Hare, like most game, can be a tricky to cook well, as wild animals are less sedentary than farm livestock and therefore carry more muscle. For this reason, the tenderising process is of the utmost importance to prevent the meat from becoming tough and chewy.
Of course, you can obviously buy pre-made pastry in the shops if you are short on time.

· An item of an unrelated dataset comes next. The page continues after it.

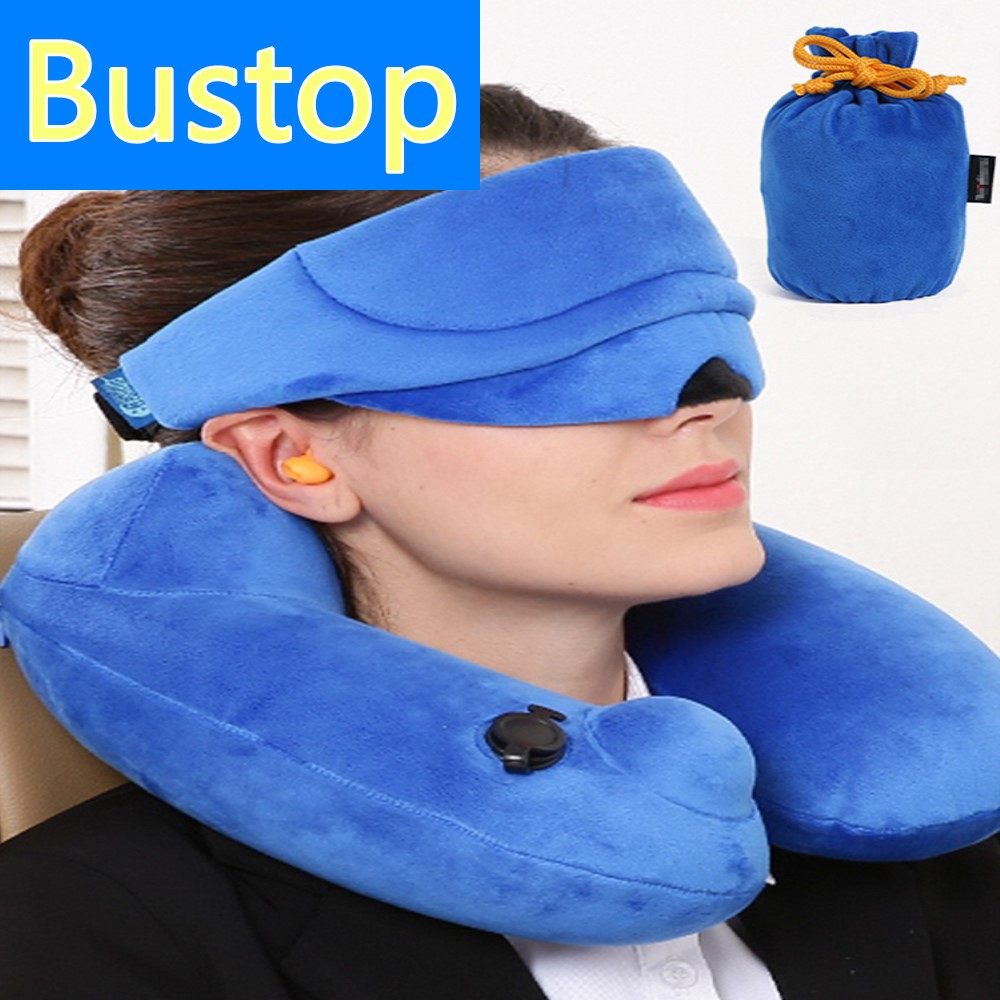 枕头旅行飞机枕护颈枕旅游颈椎午睡自动充气枕头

We served the hare pie with roast potatoes and seasonal vegetables.
For the filling
- 900g Hare meat, diced
- 150g Bacon lardons
- 2 medium onions
- 1 glass brandy
- 3 cloves garlic
- A bouquet garni of 2 bay leaves, 3 sprigs of thyme and a sprig of rosemary
- 400ml boiling water
- 2 tbsp flour
- 2 tbsp vegetable oil
- Salt and black pepper
For the pastry
- 200g butter, cut into 1cm cubes and stored in the freezer for a couple of hours before using
- 200g plain flour
- 1/2 tsp salt
- 4 tbsp ice cold water
- 1 egg, beaten
- Add some seasoning to the flour and coat the hare meat with the flour in a bowl.
- Heat a pot to a medium to high heat, add the oil and then the meat and cook for two minutes until it has browned.
- Add the lardons and cook for a further minute then remove from the heat.
- Add the onions, garlic, bouquet garni, brandy and water.
- Return the pot to the heat and bring to a gentle boil. Once it starts boiling, reduce to a gentle simmer and place a lid on the pot and leave for an hour.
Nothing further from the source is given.